Goal of the exercise:
Look below for the line with "I have taken" and the line with "Hello, so this". Copy exactly those two lines and every line between, but not the pictures.

═══ The data

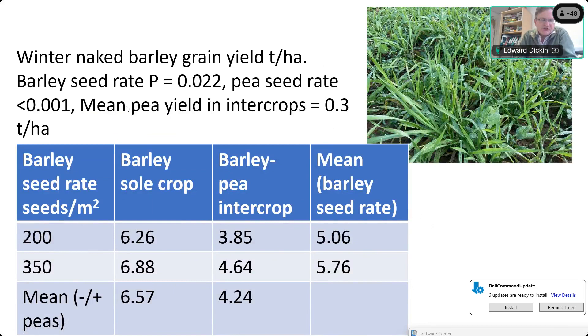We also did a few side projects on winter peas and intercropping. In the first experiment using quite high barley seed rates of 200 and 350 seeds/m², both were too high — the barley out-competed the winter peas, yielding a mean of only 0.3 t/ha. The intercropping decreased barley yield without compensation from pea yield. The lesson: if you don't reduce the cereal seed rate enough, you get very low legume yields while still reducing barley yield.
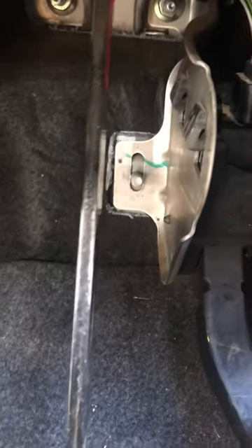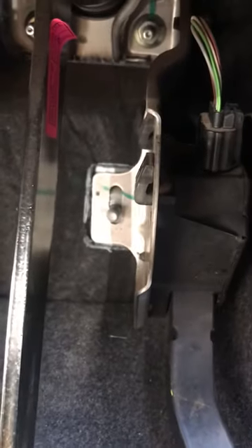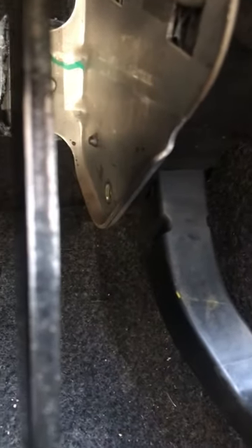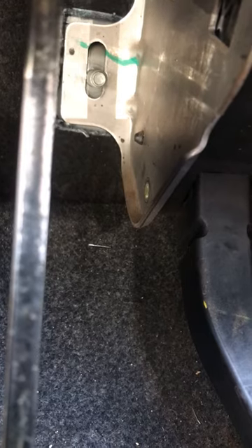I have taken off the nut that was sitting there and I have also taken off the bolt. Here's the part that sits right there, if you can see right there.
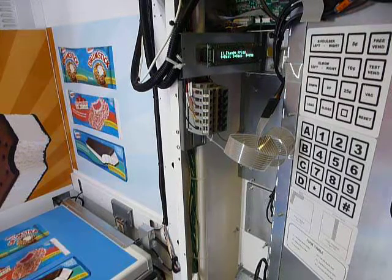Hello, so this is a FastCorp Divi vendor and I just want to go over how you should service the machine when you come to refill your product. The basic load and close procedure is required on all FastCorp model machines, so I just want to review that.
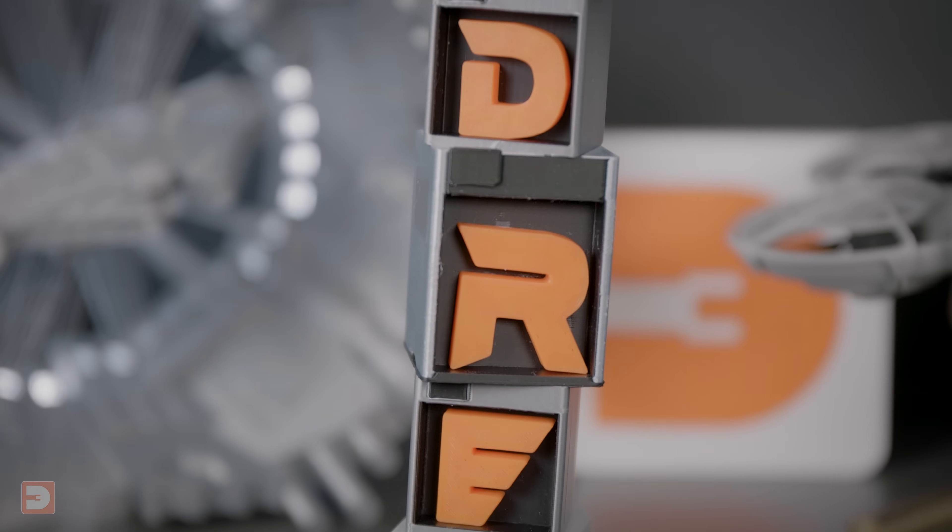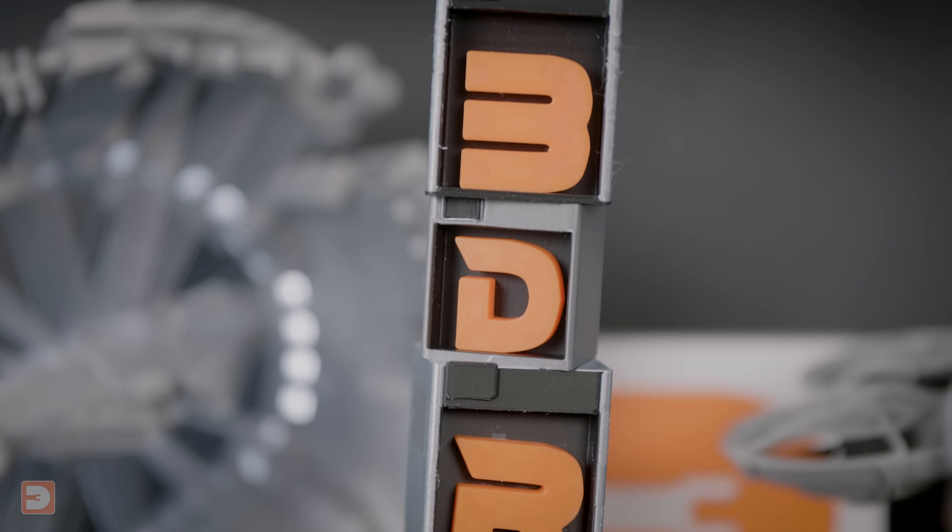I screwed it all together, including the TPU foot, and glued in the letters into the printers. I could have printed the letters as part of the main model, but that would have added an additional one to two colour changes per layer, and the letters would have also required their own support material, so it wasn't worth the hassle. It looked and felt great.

══════
═══ The data

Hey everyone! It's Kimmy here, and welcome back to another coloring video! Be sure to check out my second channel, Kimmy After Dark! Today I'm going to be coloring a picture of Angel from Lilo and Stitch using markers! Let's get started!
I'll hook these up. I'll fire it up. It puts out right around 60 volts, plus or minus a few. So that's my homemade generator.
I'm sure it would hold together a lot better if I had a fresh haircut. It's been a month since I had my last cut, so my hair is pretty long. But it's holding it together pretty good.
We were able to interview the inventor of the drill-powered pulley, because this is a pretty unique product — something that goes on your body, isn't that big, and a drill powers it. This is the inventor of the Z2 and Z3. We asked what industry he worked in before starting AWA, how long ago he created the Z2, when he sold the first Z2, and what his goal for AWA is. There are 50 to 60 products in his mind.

══════

Result of the exercise:
I have taken off the nut that was sitting there and I have also taken off the bolt. Here's the part that sits right there, if you can see right there.
Hello, so this is a FastCorp Divi vendor and I just want to go over how you should service the machine when you come to refill your product. The basic load and close procedure is required on all FastCorp model machines, so I just want to review that.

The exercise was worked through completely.